Whenever I read these words from Jesus, or his other teachings on prayer, I remember a prayer retreat with a spiritual director in Georgia. I can still see her, tucking one leg underneath her as she rocks on the porch swing. As she smiles, her face is alive with crinkles of joy and age. Her improbable words still sink into my soul.
The woman, a Dominican sister who ran the retreat center, was a devotee of centering prayer, which is a deep, silent time of contemplation and listening for God. Practitioners recommend 20 minutes, twice a day. It’s serious stuff.

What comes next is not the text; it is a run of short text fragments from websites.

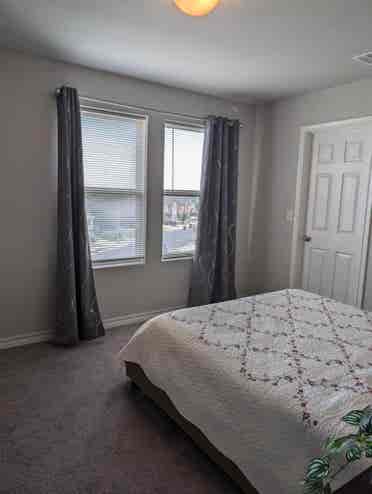 Room available ASAP near Lackland
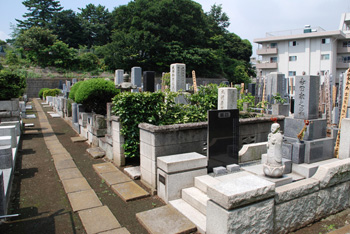 成願寺 墓所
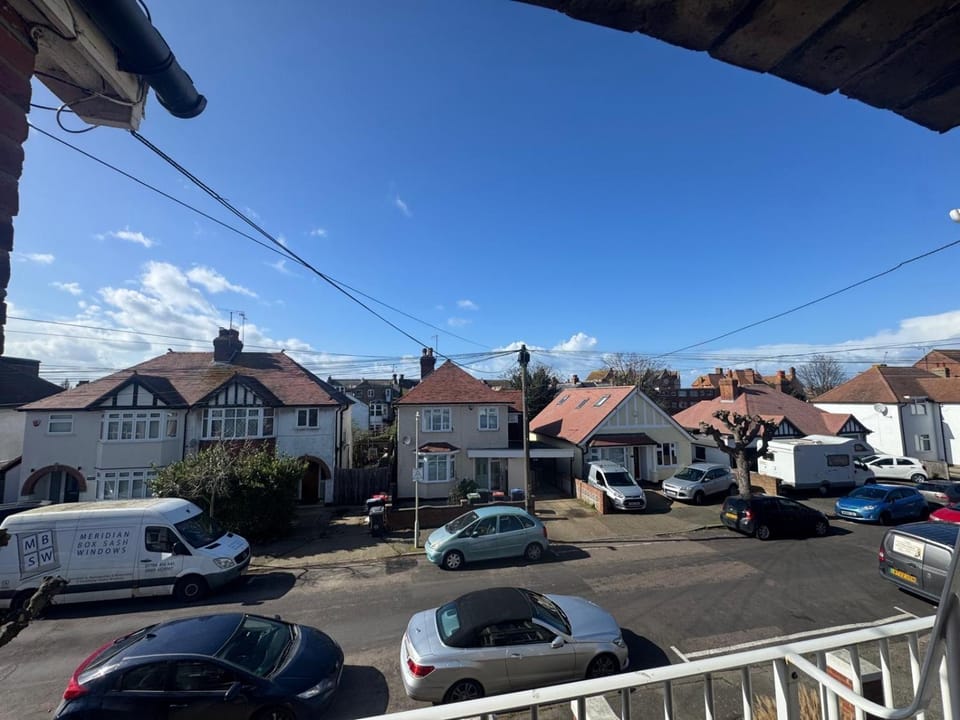 2 bed apartment close to beach Apartment in Herne Bay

I remember her words. “There is a movement underway as more and more people learn about and practice centering prayer. The interest is growing. And we believe that if enough people take part in it, the whole world will change. We believe this kind of prayer can change the world.”
I believe; help my unbelief. I desperately want her words to be true. I long to believe that millions of people at prayer, listening daily for God, can change things—that a polarized people will cease their warring ways, that generosity will prevail in a world that’s often stingy and small. But my faith is weak sometimes.
But maybe Jesus knew that even a quiet prayer in one’s closet could be subversive, that his followers didn’t need to be flashy in order to change things. Maybe Jesus knew that the transformation of individual hearts would transform the world.
Maybe if people of faith really did all pray in our closets, the world would shift on its spiritual axis. At the very least, maybe my own world would.